Early this morning I received a few text messages before 7:15am. Generally, this should be a bad thing. Who died? What did I forget to do? When I saw they came from my theologian friends, my sleepy mind went right to Rome and I had flashbacks to my participation in the funeral services of John Paul II.
While it is a surprise, it is not all that shocking. Pope Benedict has long expressed his disinterest in following his predecessor’s path of prolonged suffering while in a very demanding office (and the conflict that developed in the Vatican in the absence of an attentive pope). Clearly, this should not be seen as an insult to Blessed John Paul II. The late pope witnessed to suffering and vulnerability in a way that inspired many people around the world. But that was not the ideal situation for a person or the church.

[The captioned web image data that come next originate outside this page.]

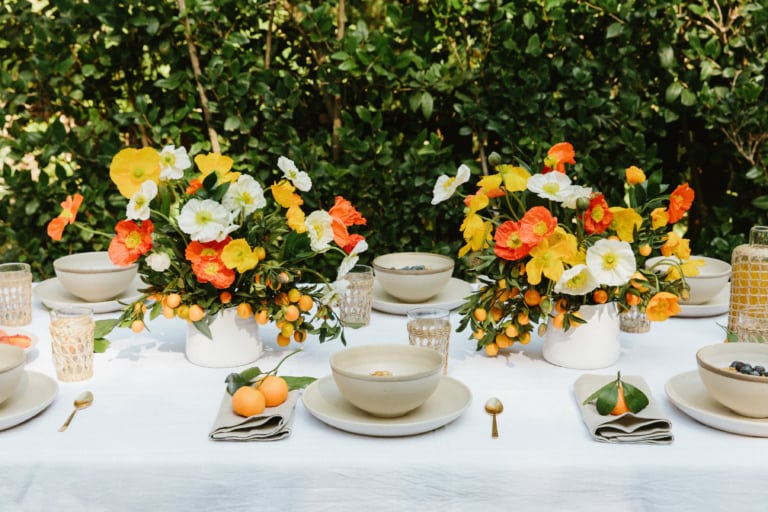 Read more about the article Jenni Kayne Breakfast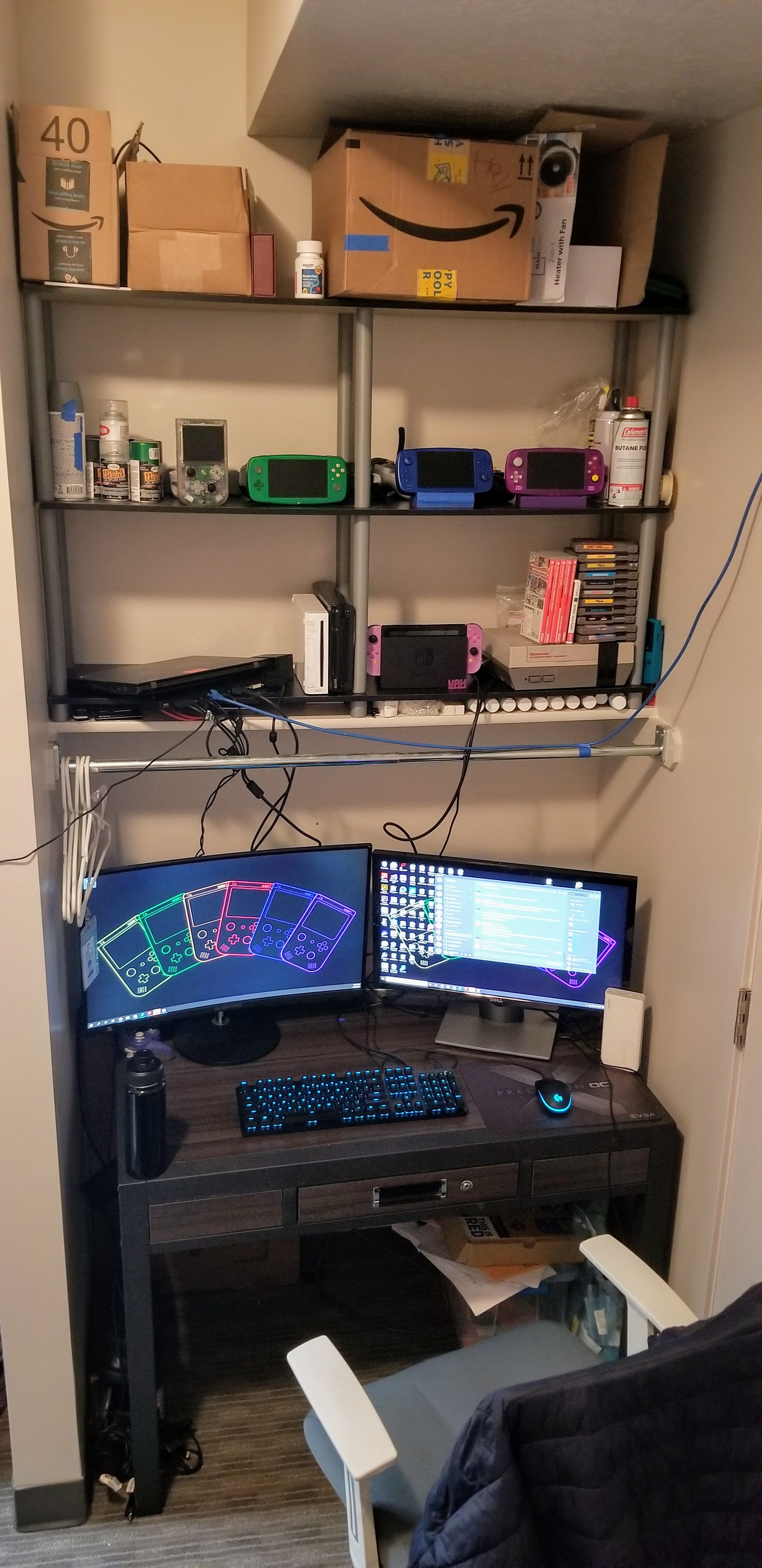 Workstation 2.jpg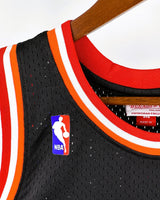 JAMES LEBRON (MIA)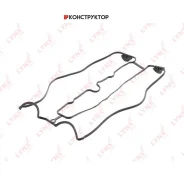 ��������� ������ ��� Lynxauto SG1155 SG1155 ����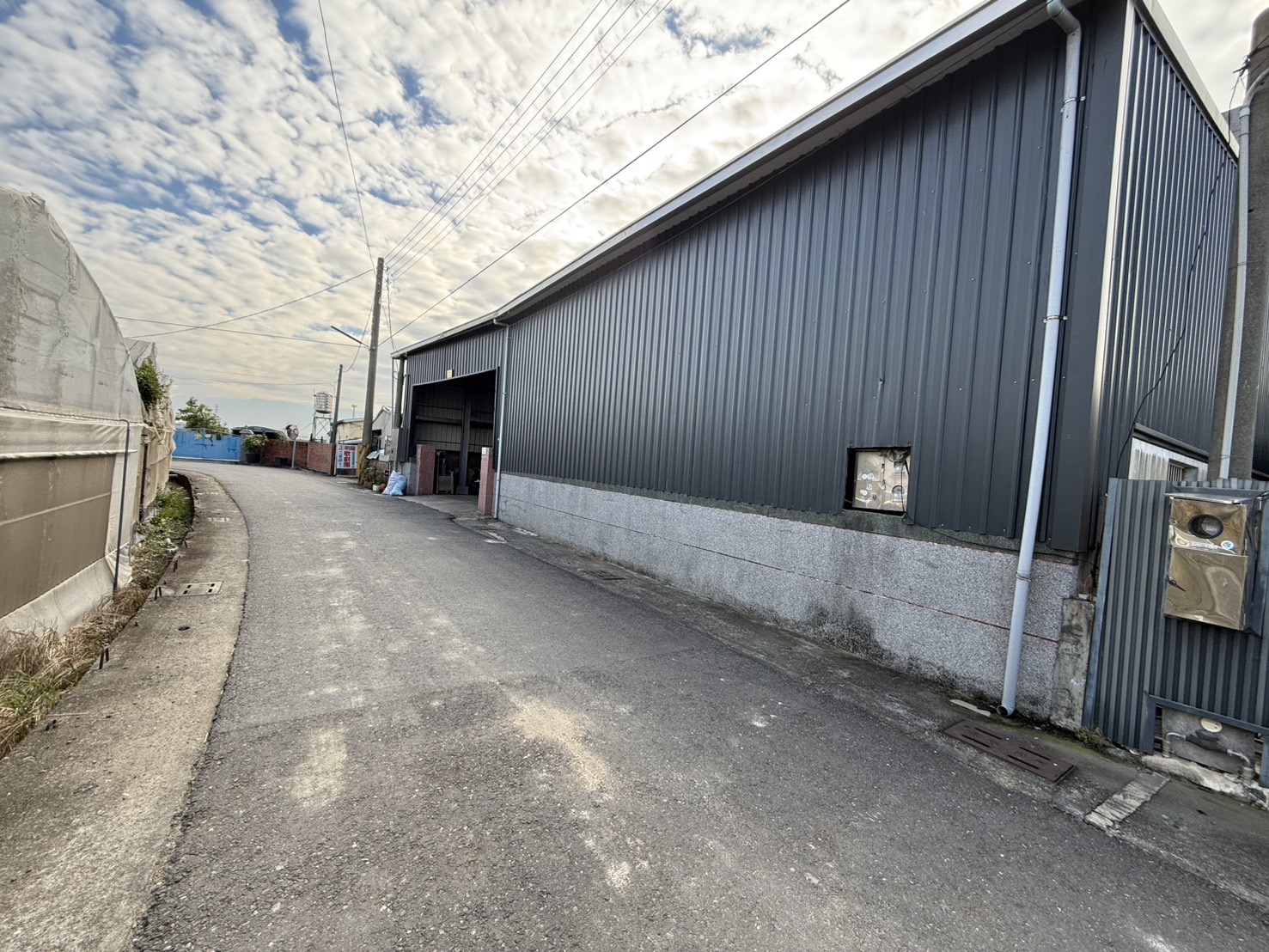 可以可以地瓜球  品牌圖片 #7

As the pope reflects in his resignation letter, the task of being pope is demanding and it is a ministry that is needed in our world (although this could be easier with more delegation and power distribution). In this action, the pope follows the example of Fr. Peter-Hans Kolvenbach, S.J. who surprised many by resigning as superior of the Jesuits in 2008 for similar reasons—only the second “black pope” to resign in office. In his official message, the pope explains:
I am well aware that this ministry, due to its essential spiritual nature, must be carried out not only with words and deeds, but no less with prayer and suffering. However, in today’s world, subject to so many rapid changes and shaken by questions of deep relevance for the life of faith, in order to govern the bark of Saint Peter and proclaim the Gospel, both strength of mind and body are necessary, strength which in the last few months, has deteriorated in me to the extent that I have had to recognise my incapacity to adequately fulfill the ministry entrusted to me.
Again, Benedict XVI has proven to be a pope of surprises. The pope that many claimed would bring the church to a pre-Vatican II church has surprised both conservatives and liberals with his generally pragmatic approach. The pope that many claimed would not engage crowds, enlivened groups in Africa, Middle East, Europe, Australia, and the Americas.
In some ways, Benedict resembles John XXIII in his quite, yet surprising leadership style. (I know that this is provocative to say). But perhaps this is part of the charism of being pope. The Holy Spirit is nothing less than a spirit of surprises. And in the end, life and the church would be much more boring without it.
One should praise the pope for the courage and humility to know his own limits and to put the concerns of the church above his own. As we approach Lent, what are our own limits?